Okay, this is the "about me" page, and I've only
talked about my work. There are other things that are at least as
important. Aside from GIS and software development, my interests include
home brewing, sports / games, exercise, reading, movies, and especially
music. You know, the usual stuff. It sure beats huddling in fear through
the night out on the savannah, or keeping watch for sabretooth cats while
scrounging for one precious scrap of food.
Fitness / Games / Sports - I work out mostly on the cardio
circuit and also do Yoga. In the summer, I don't work out as often
but I do enjoy playing tennis when I have someone to play against, and
also sailing when I can get access to a boat. I'm not a strong
swimmer but I also like to hang out at the beach. And I like pool;
especially nine ball.
Team sports, I am not very good at. I tend to get confused when
there's more than a few players per side, which doesn't make me a
very good player. But I watch baseball and basketball, plus the
occasional football game. If soccer was covered with the same enthusiasm
here that it is in, say, Latin America, then that would be high on my
list of spectator sports too. (I watched the 1994 World Cup from big
projection video screens out on the streets of Brazil. It's hard to
put into words their devotion to the sport.)
Music - I like the "good stuff" from any genre.
I'll listen to country, rap, industrial, metal, classical, jazz,
blues, alternative rock; name a genre and I can probably come up with an
example of something that I like from it. I always have tunes going in
the car, but less often at home since I'm in an apartment and
can't crank it up like I want to.
Even more than listening to music, I also enjoy making my own. To
start with, I'm a fairly decent singer. I usually go for a classic
rock / blues / alternative style, but I'm flexible. For example I
like country, and even go for some urban music. No Jay-Z for me, but
maybe some Kid Rock or Buck 65 vibes. I used to play guitar too, but have
mostly given it up. I did take up harmonica though, and am not bad at it
as long as I keep it simple. If you're in the Halifax area and
looking for a vocalist to jam with, I might have some music samples here.

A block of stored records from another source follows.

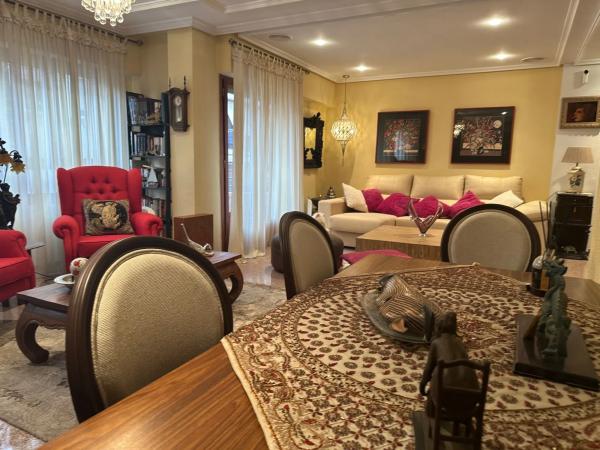 Piso en calle Mariano Luiña, 6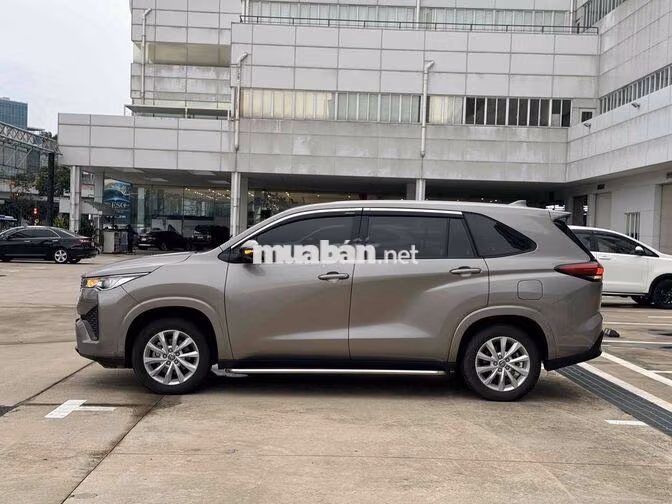 Toyota Innova Cross 2025 Bản V màu Đồng - 1 Chủ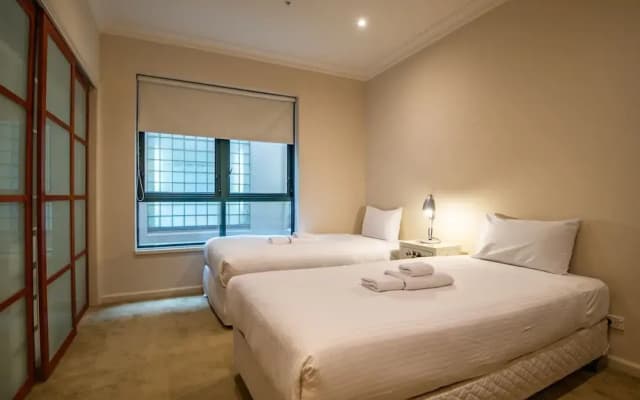Elegant 4B 2B Unit in Melbourne CBD w/ Parking! - photo 4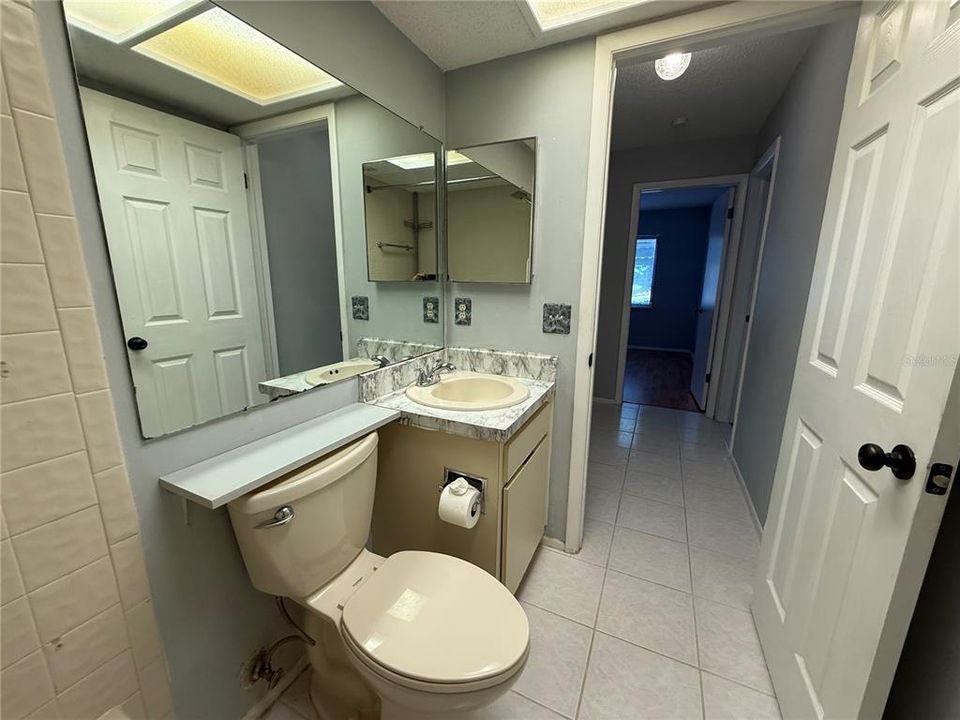 Active With Contract: $195,000 (3 beds, 2 baths, 1230 Square Feet)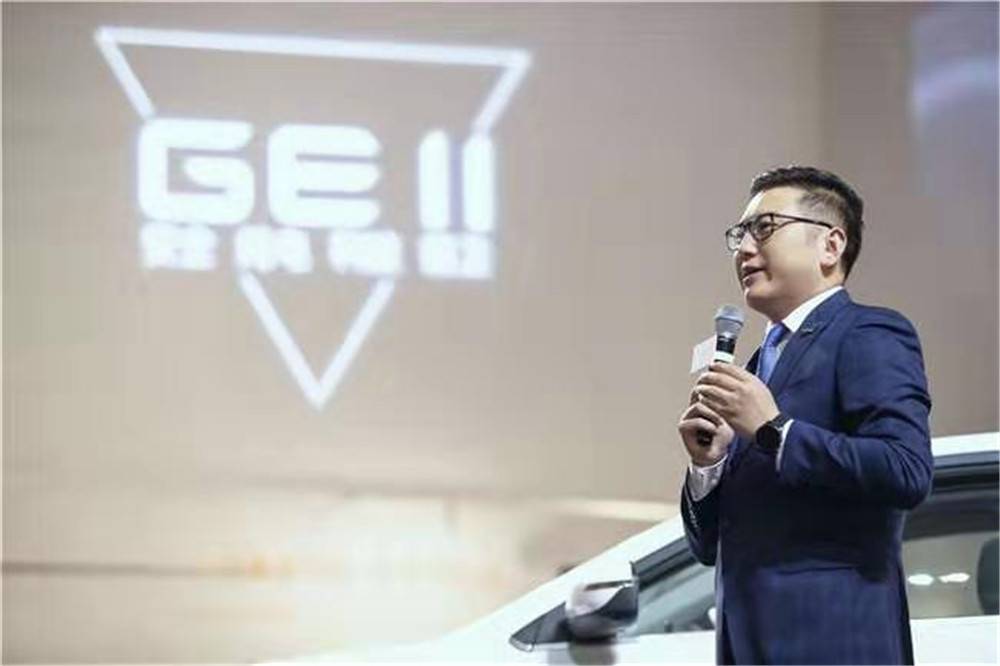 吉利新能源销售公司总经理郑状先生 在GE11设计解析会上,吉利新能源销售公司总经理郑状正式宣布吉利新能源成为吉利集团旗下新的独立品牌,而GE11正是新品牌成立后推出的首款全新正向研发的高性能纯电动车型。全新的量子银盾车标不仅极具科技感和未来感,也将吉利新能源征战全球的雄心展示于世人面前。 在帝豪EV、帝豪GSe等新能源车型在入门级市场中的成功试水后,GE11成为吉利新能源迈向高端化市场的大动作。其以高性能为标签,造型设计融合了科技、极简、前卫等符合时尚青年的审美特质,全面对标特斯拉Model 3,可谓专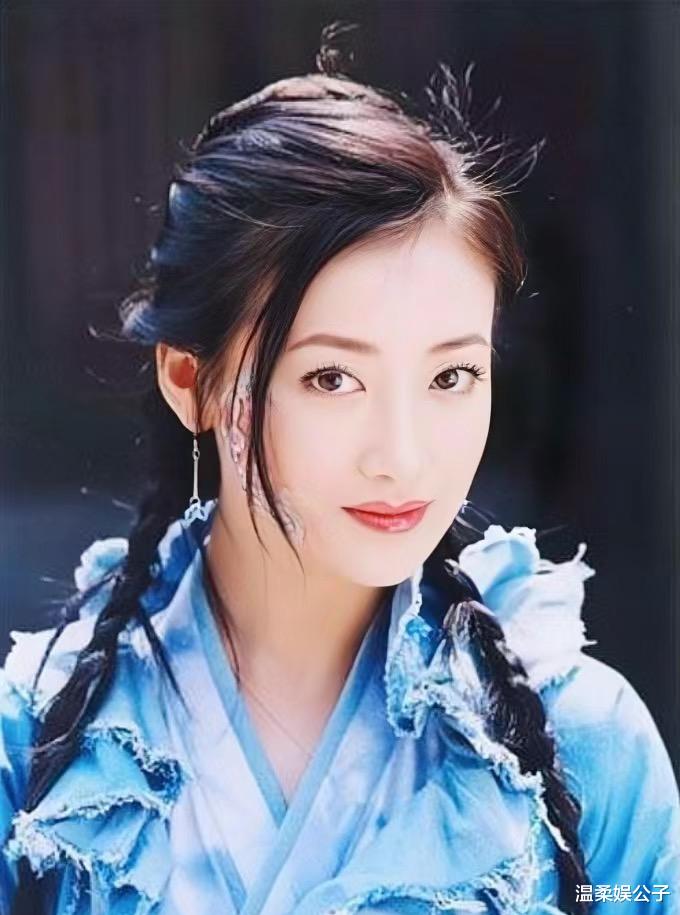 看了刘亦菲和大12岁陈紫函的6张同框照,我悟了:美人是需要营销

Home Brewing - I don't brew from scratch, but I like to
experiment with the different kits available, with different malts /
sugars, and with adjuncts such as finishing hops. One of my favorite
kits, that I have come back to a few times, is Morgan's Amber Ale.
One time a Morgan's Amber came out flat and cidery, but that was my
fault for priming with table sugar. (I had done that a few times before
with no bad results, but eventually my luck turned. Use corn sugar or
spray malt; it's much more predictable.)
Right now I have an Irish stout (Munton's Moutmellick),
double-malted, on the go. It came out heavier than I expected due to the
double malting, and lower in alcohol, but it is just an excellent beer.
It has a rich, dark, dense head, that characteristic stout bite, and it
finishes nicely. I'm pretty proud of this one.
The best beer I've made is a Cream Ale kit, from Wine-Art,
packaged with all dry ingredients. I did add about 2/3 cup of muscovado
(a dark, raw cane sugar) to spice it up - only a bit, mind you - but
otherwise everything was in the box (including DME, yeast, finings, and
priming sugar). I don't know what name this is marketed under in the
US, but it's worth looking for. From early samples, it tasted fine
but didn't seem to be anything special, but by 3 months it was very
good, and at 6 months it was outstanding.
An interesting tool of note is David Johnson's QBrew.